The Bank that Maxine Waters got government help for was probably a special case

Waters' trial could prove to be very tough for Democrats.

When then-Treasury Secretary Henry Paulson announced creation of the so-called "Capital Purchase Program" in October 2008, he said it was directed at "healthy institutions." Nevertheless OneUnited Bank of Boston received a $12.1 million capital injection from the Treasury Department on Dec. 19, 2008. The money has not been repaid, according to Treasury Department documents.
Records show that as of Sept. 30, 2008, the latest quarter before the investment, OneUnited had "Tier 1 capital" of just 1.8 percent of assets. Of the 363 banks that got TARP money in the fourth quarter of 2008, at the height of the financial crisis, that was the lowest Tier 1 ratio.
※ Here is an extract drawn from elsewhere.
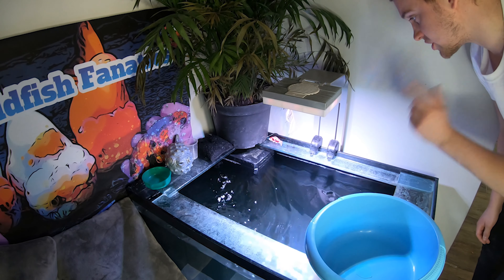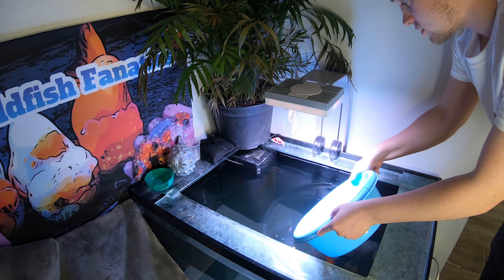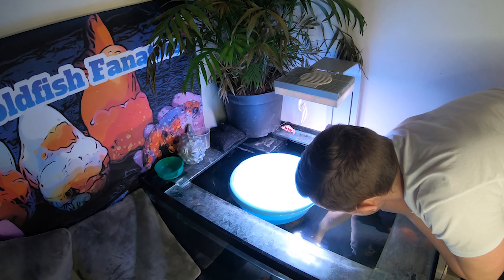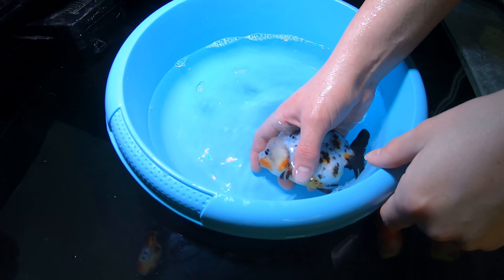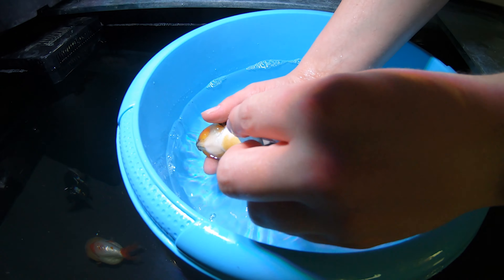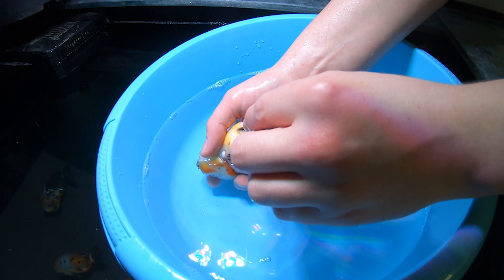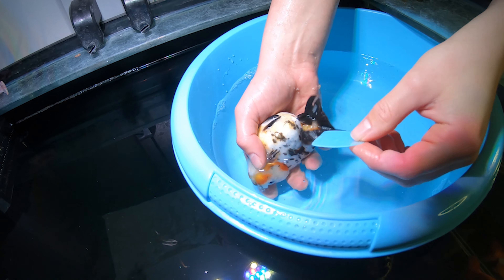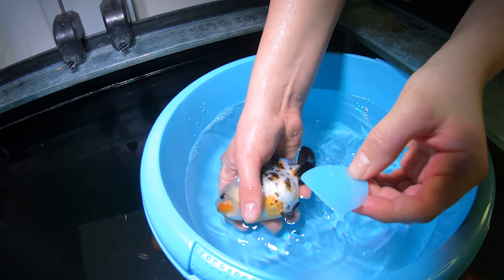I've got my little scraper and the blue bowl. First, I'm going to turn the pumps off so there's no rippling on the water, then fill the bowl up with water and get our target fish. I'm going to turn the fish upside down, wet the scraper slightly, and take a little mucus scrape from the bottom of the fish — from the base around the fins and also from the gill area.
In fact, none of the 987 banks that got TARP money between October 2008 and December 2009 reported a lower ratio in the quarter before they received federal cash. . . .
Tier 1 capital, which includes equity plus disclosed reserves, is considered by many banking experts to be the best way to gauge a bank's financial health. Banks are required to have a minimum Tier 1 ratio of 3 or 4 percent, depending on their classification, according to rules posted by the Federal Deposit Insurance Corp.